[BTW,
did you know that the word "suzan" in Farsi means "needle"?
See?!]
-
One, because it keeps me from being an irredeemable couch potato. As long as I am Productive, I don't feel like my evenings in front of the TV are a complete waste.
-
Two, because it keeps me from eating from boredom - it is impossible to eat and sew simultaneously.
-
Three, because it impresses the hell out of almost everyone. A well-executed sampler or project as a gift will pretty much make every other gift look tawdry, cheap, and ill-considered. "See? I love you more than everyone else!"
-
Four, because it is beautiful.
-
Five, because it is real.
Four
and Five deserve some elaboration... some "embroidery,"

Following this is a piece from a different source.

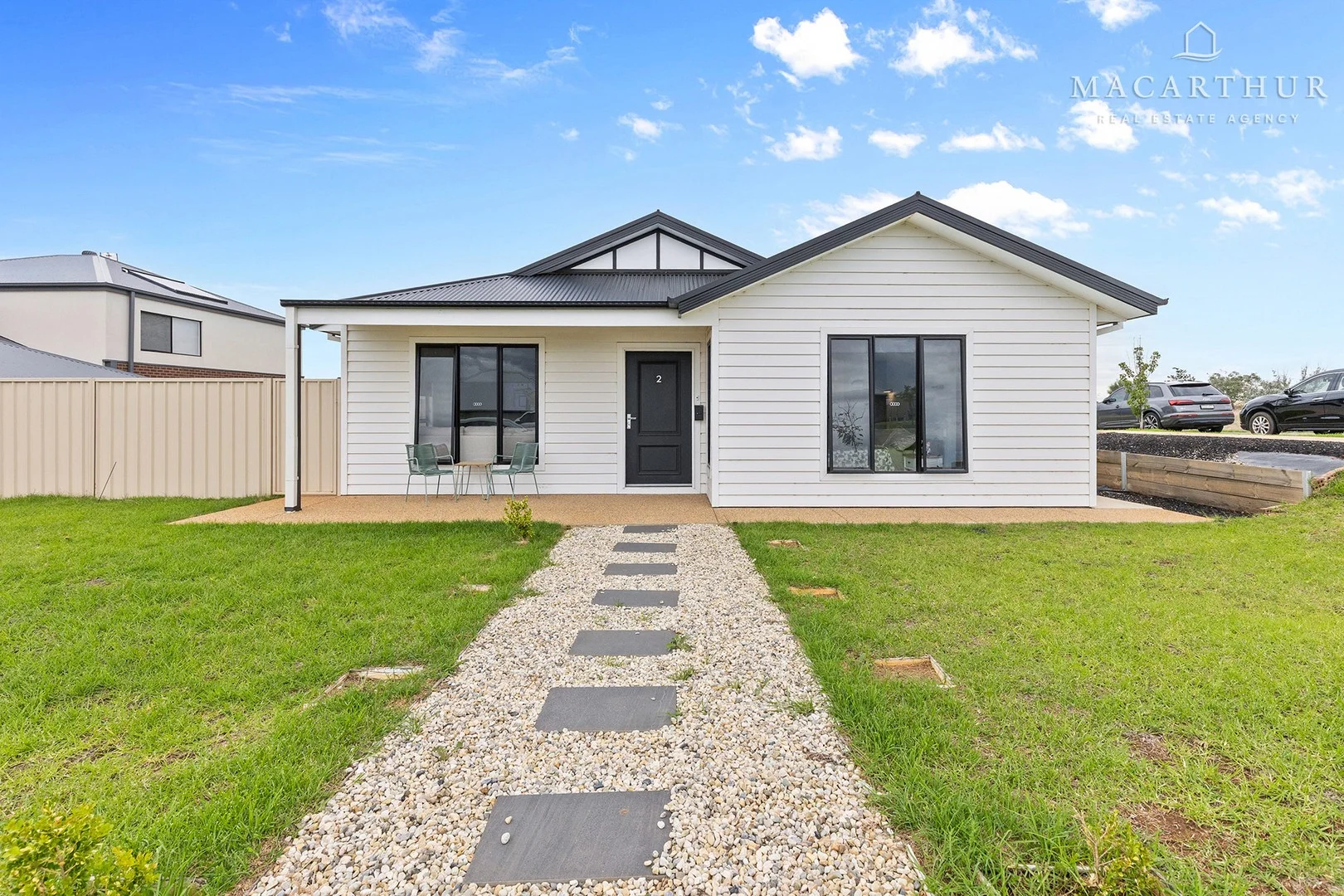 2 Wyoming Avenue, Gobbagombalin NSW 2650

if you will. All day long at my IT job I manipulate bits of nothingness
- I produce NOTHING except documents that more often
than not
never even get printed - ghosts of words that are read
by someone
in an email and then deleted, never to be made tangible.
Needlework
is the one inescapably real thing I do outside the
office that
actually displays talent and skill beyond my ability to
hook up
a user laptop on a DSL wireless network and connect via
VPN to
the office network, or add a show venue address to an
enormous
database.
It
used to be that most of the things produced with needle and thread
were useful in some way - you made clothing or upholstery or bed
linens yourself. But now there's no need - it can be done more
cheaply and quickly by machines in factories, or by women at home
on sewing machines. Almost the only hand-sewing done now is for
art's sake - quilts, cross-stitch, needlepoint. And when you use
real linen, and cotton or sometimes silk thread, there is a tangible,
beautiful product completed after many hours. It takes focus and
it takes patience. Except for little projects, most needlework
projects take weeks or months.
It's
sometimes my only grasp on what is real, what matters, what is
meaningful - with a TiVo, iPod, and Blackberry, I can literally
spend HOURS on intangibles that have little value or benefit (unless
it be to inspire or educate... but for me, usually it's just for
entertainment). I come home after herding invisible bits and bytes
around an unseen network all day, and I pick up a piece of fine
linen with threads of scarlet and purple, and I am making something
far more enduring than the report on client earnings I generated
that morning, or the software installed that afternoon.
And
of course, like I said - it impresses the hell out of everyone.